EXERCISE AIM
Leave out the pictures and output exactly the lines below from the one with "A multi-story hotel" down to the one with "Lawyer Maria Korchagina", both of them included.

INPUT DATA

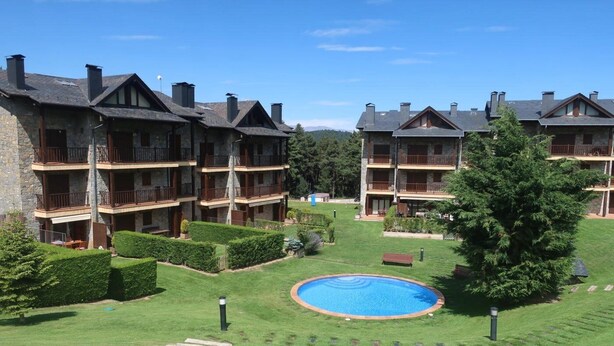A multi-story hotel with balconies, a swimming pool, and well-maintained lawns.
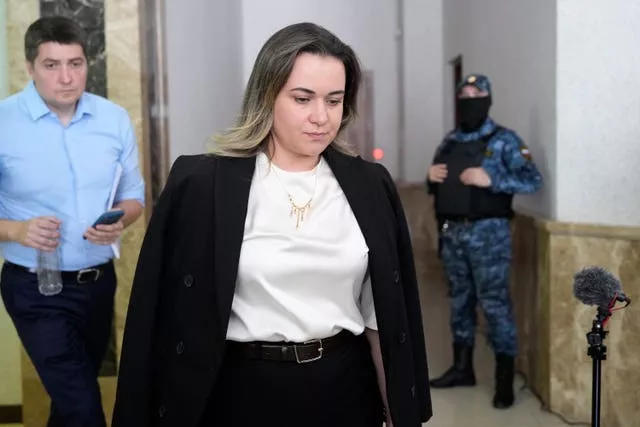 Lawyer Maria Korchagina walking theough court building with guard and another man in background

---

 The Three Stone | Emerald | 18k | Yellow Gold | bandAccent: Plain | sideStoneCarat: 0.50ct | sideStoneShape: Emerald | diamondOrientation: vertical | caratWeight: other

SOLUTION FOR THIS EXERCISE
A multi-story hotel with balconies, a swimming pool, and well-maintained lawns.
 Lawyer Maria Korchagina walking theough court building with guard and another man in background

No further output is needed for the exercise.